09.02.2015

VfGH: Recht auf physische Vernichtung von Papierakten gemäß § 1 Abs 1 DSG 2000

VfGH 10.12.2015, B 1187/2013-31 (Hervorhebung durch mich)
[...] Die vom Finanzamt Hollabrunn Korneuburg Tulln anwendbaren Rechtsvorschriften, insbesondere die Bestimmungen der BAO, enthalten keine ausdrücklichen Regelungen über einen wirksamen Rechtsbehelf gegen die fortgesetzte Aufbewahrung der Daten der Beschwerdeführerin bzw. über eine wirksame Durchsetzung des Löschungsbegehrens der Beschwerdeführerin hinsichtlich der im Papierakt des Finanzamts Hollabrunn Korneuburg Tulln enthaltenen Daten.

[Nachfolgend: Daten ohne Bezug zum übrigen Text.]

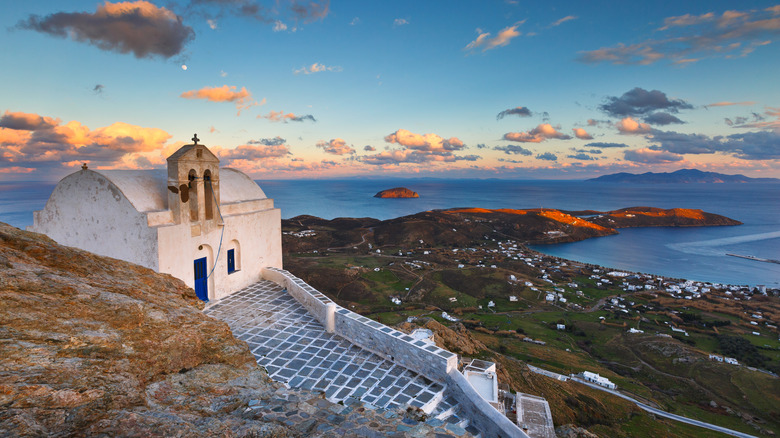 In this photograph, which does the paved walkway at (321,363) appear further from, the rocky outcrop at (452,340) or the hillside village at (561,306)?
the hillside village at (561,306)

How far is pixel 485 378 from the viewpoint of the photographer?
13.6 metres

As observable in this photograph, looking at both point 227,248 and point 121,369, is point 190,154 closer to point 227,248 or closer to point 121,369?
point 227,248

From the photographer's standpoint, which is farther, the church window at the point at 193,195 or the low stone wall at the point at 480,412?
the church window at the point at 193,195

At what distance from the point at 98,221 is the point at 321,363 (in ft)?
25.7

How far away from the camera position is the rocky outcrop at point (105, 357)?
127 inches

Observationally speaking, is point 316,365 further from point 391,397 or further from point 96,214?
point 96,214

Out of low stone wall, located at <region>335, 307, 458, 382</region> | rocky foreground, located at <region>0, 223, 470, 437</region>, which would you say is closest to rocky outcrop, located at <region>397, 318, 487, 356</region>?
low stone wall, located at <region>335, 307, 458, 382</region>

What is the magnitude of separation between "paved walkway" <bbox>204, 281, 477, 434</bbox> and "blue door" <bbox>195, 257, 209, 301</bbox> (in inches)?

Vor dem Hintergrund des verfassungsgesetzlich gewährleisteten Rechtes gemäß Art. 8 iVm Art. 13 EMRK, aber auch gemäß § 1 Abs. 1 DSG 2000, hat die Beschwerdeführerin dennoch das Recht, ihren Anspruch auf Entscheidung durch das zuständige Finanzamt über die Rechtmäßigkeit der weiteren Aufbewahrung hinsichtlich (rechtmäßig oder rechtswidrig) ermittelter Daten geltend zu machen.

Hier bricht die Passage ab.